Island owner Richard Branson: Hurricanes 'start of things to come'

Senior Editor
Yahoo News
Branson in Puerto Rico on Sept. 11, 2017. (Photo: Richard Branson via Twitter)
Branson in Puerto Rico on Sept. 11, 2017. (Photo: Richard Branson via Twitter)

Billionaire Virgin founder Richard Branson blasted President Trump on Tuesday for refusing to address climate change amid a string of powerful hurricanes that have lashed the United States, Caribbean and Virgin Islands in recent weeks.

“Climate change is real,” Branson said on CNN’s “New Day” Tuesday. “Ninety-nine percent of scientists know it’s real. The whole world knows it’s real except for maybe one person in the White House.”

Branson, who rode out Hurricane Irma in a concrete bunker on his private Necker Island in the British Virgin Islands, said it was an “indescribable” experience.

“For five hours it just felt like the bunker was — was going to crack,” Branson said. “And then, when we got into the eye of the storm suddenly this deathly hush and we tentatively opened the door and saw the utter devastation.

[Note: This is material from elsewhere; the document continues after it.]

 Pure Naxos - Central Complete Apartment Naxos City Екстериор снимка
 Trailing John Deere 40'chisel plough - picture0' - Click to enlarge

I mean, everything laid bare.”

The Virgin Islands are now bracing for Hurricane Maria, a Category 5 storm with maximum sustained winds of 160 mph.

Slideshow: Hurricane Maria barrels into the Caribbean >>>

When Irma crossed Necker Island, it was a Category 5 storm. But Branson said it was “effectively” a Category 7, with wind gusts topping over 200 mph.

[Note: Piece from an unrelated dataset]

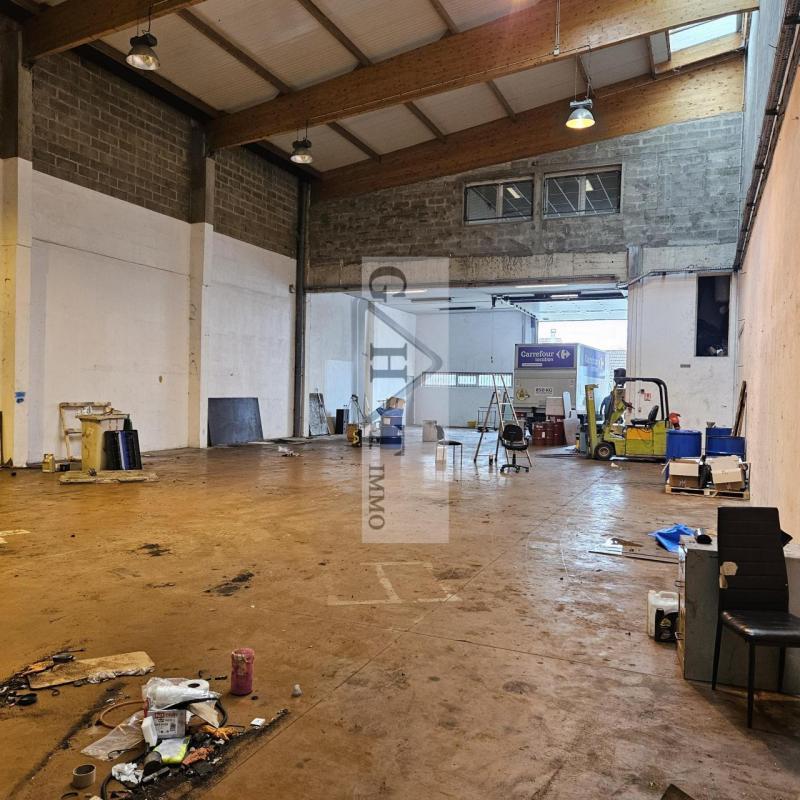 Entrepôt - 474 m²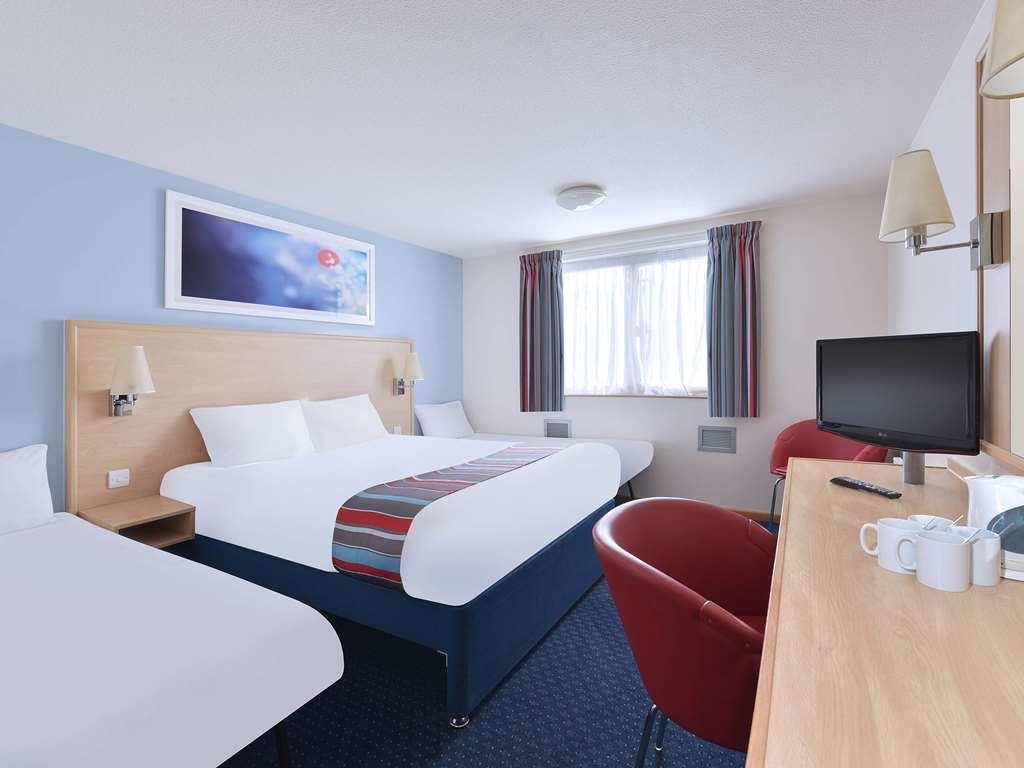 Travelodge Birmingham Dudley 部屋 写真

Slideshow: Hurricane Irma pounds Florida >>>

“You know, categories stop at Category 5 because they never thought it would go up to Category 7,” he said.

Branson said he would’ve ridden out this storm, too, but he had already agreed to speak at a climate change conference in New York City. He said he wanted to use the platform to address the Trump administration’s plan to withdraw from the Paris climate accord, which was adopted by 195 member states and the European Union at the 2015 United Nations Climate Change convention in Paris.

Slideshow:  Hurricane Irma thrashes the Caribbean >>>

“I was at the Paris talks,” Branson said. “It felt like so much hope that the world was going to rally around to deal with this problem. And then, of course, what happened in America when people denied climate change and said that they wouldn’t rally around and help the rest of the world get on top of this problem. So I just wanted to get here to talk about it.”

“Scientists have said the storms are going to get more, and more, and more intense and more and more often,” he added. “I mean, we’ve had four storms within a month, all far greater than have ever, ever, ever happened in history. And I think that sadly this is the start of things to come.”

On Sunday, the Wall Street Journal reported that Trump was reconsidering his decision to withdraw from the Paris Agreement. But White House officials pushed back on that report Monday, saying that Trump intends to follow through with the withdrawal unless the U.S. can renegotiate “more favorable” terms.

The Trump administration has been criticized for its reluctance to accept that climate change is real. After touring the destruction left by Irma in Florida last week, Trump was asked by reporters whether Irma and Harvey had made him rethink his views on climate change.

Slideshow: Aftermath of Hurricane Irma in Florida >>>

“Well, we’ve had bigger storms than this,” Trump replied. “And if you go back into the 1930s and the 1940s, and you take a look, we’ve had storms over the years that have been bigger than this. If you go back into the teens, you’ll see storms that were as big or bigger. So we did have two horrific storms, epic storms. But if you go back into the ’30s and ’40s, and you go back into the teens, you’ll see storms that were very similar and even bigger, OK?”